Git has turned out to be one of the leading Version Control System in today's time. Till now, we have developed an understanding of Version Control System. We have also discussed different types of Version Control System. One of the most popular Version Control System is Git. We will be learning about it in this series. Let us start with learning
- What is Git?
- Why use Git?
What is Git?
Git is an Open Source Distributed Version Control System. It is designed for
- Speed
- Simplicity
- Fully Distributed
- Excellent support for parallel development, support for hundreds of parallel branches.
- Integrity
As we remember from our previous tutorial, in a Distributed Version Control system a local copy is saved on each node (computer of a person who is part of the project). There is also a centralized server where all the team members push their changes. This way Git is resilient to crashes as each node has its own copy of the source tree.
History of Git
Git was developed by Linus Torvalds, creator of Linux Operating System. Git was developed when the relationship between the existing Version Control System (BitKeeper) and Linux team broke.
How Git stores revisions
Git stores the changes in files differently as compared to other Version Control Systems like SVN and CVS. This is one of the important concept of Git that you should internalize as early as possible. Version control systems store the difference between the two versions. For example, consider File A that got changed three times. The First version of the file will be stored as is, in the sense complete file will be stored. As new versions are introduced only the difference from the previous version will be saved. This will become clearer when we look at the image below, this image shows how over multiple revisions changes are stored for three files.

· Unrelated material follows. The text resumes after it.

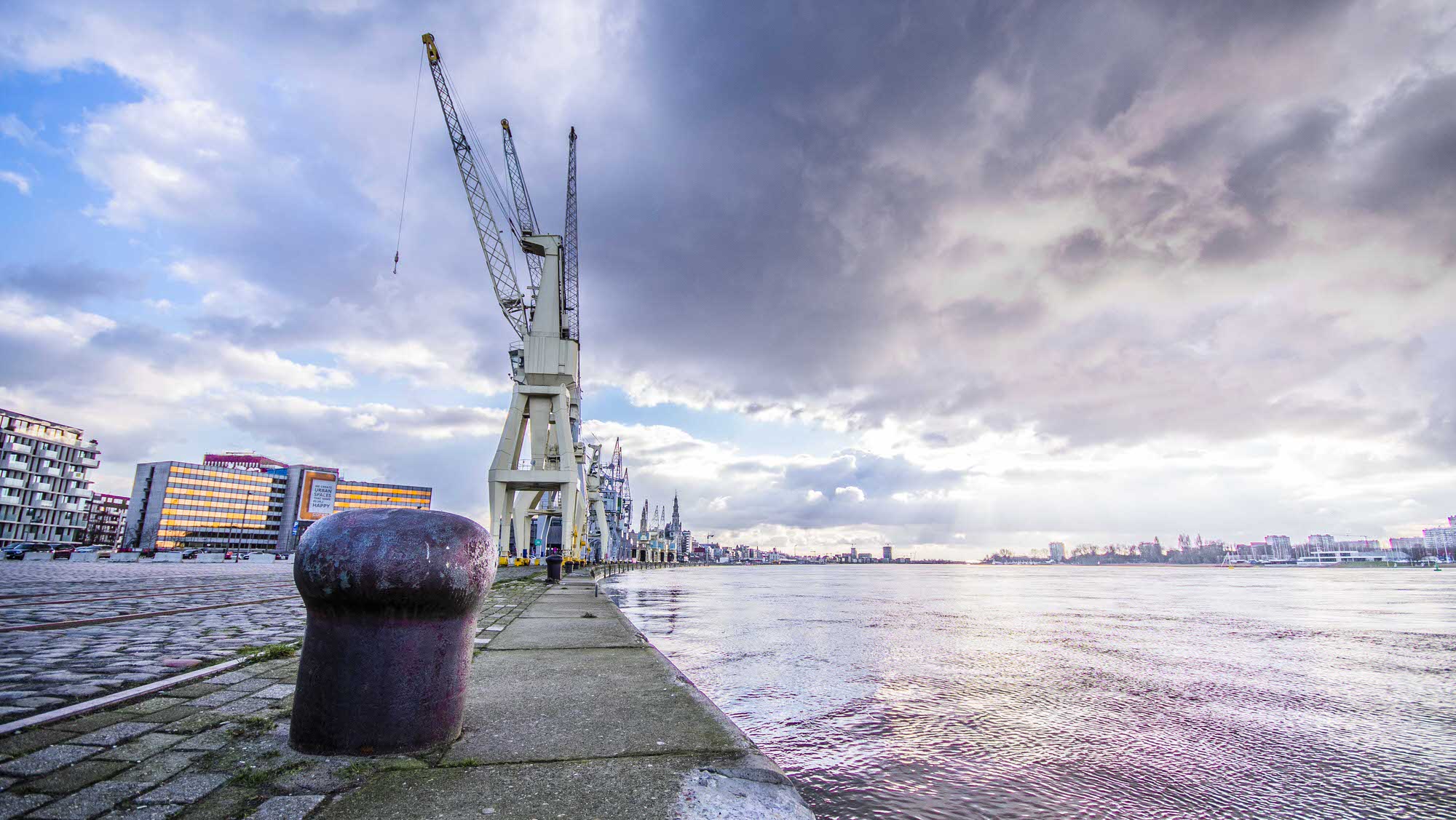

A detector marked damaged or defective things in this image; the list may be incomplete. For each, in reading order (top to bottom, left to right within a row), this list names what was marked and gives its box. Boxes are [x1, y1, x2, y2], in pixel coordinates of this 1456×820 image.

rusty mooring bollard [290, 509, 495, 751]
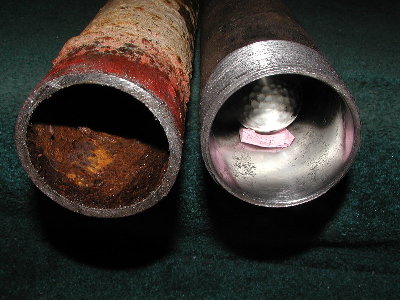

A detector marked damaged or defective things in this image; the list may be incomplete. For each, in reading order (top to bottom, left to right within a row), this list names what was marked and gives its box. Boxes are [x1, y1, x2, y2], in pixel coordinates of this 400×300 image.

Here we can see that other CVS store the delta (changes) to a given file over time. Git, on the hand, stores the Snapshot of the changed file. For example, if you made a change to File A, a complete snapshot of the changed file is stored. If a file has not changed between two versions, Git will keep a reference of the original file instead of copying it again in the new version. Below image summarizes how Git internally stores the changes.

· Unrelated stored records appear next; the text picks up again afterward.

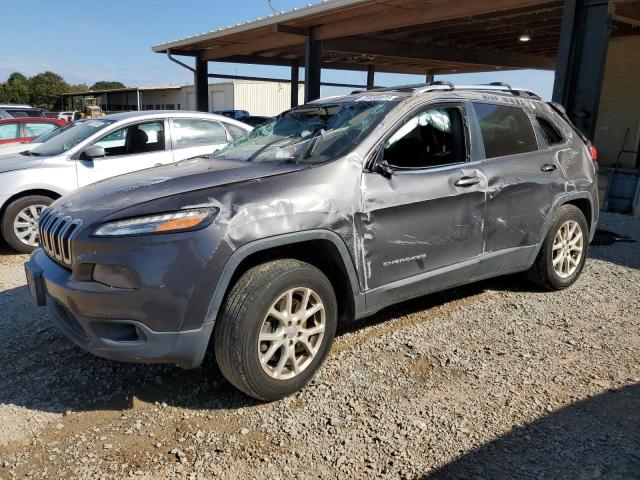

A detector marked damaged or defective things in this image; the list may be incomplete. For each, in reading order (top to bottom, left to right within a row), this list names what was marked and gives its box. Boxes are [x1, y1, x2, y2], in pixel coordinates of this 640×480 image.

shattered windshield [214, 98, 400, 165]
damaged gray suv [23, 83, 596, 402]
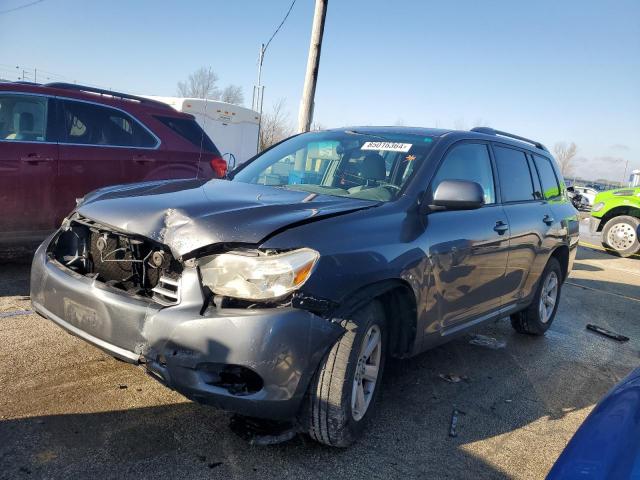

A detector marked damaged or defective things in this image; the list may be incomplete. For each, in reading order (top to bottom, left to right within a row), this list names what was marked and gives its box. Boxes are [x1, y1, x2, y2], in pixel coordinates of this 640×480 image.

crushed front end [31, 215, 344, 420]
damaged bumper [31, 242, 344, 418]
broken headlight [199, 248, 318, 300]
damaged gray suv [31, 124, 580, 446]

To summarize this section, the three important points that we learned about Git are
- Git stores a Snapshot of a file as opposed to storing a Difference, which other Version Control Systems do.
- Git only takes a Snapshot of the changed files.
- To optimize memory, Git keeps a Reference of the file that has not changed instead of making a copy of it in the new version.
Git is a Distributed Version Control System
Git has a remote repository which is stored on a server and a local repository which is stored in the computer of each developer. This means that the code is not just stored on a central server, but the full copy of the code is present in all the developers’ computers as well. Because every node has a local copy, almost all the operations on Git are local (Exceptions being Pull and Push command). Which means that you don't have to be connected to the remote repository all the time to do your work.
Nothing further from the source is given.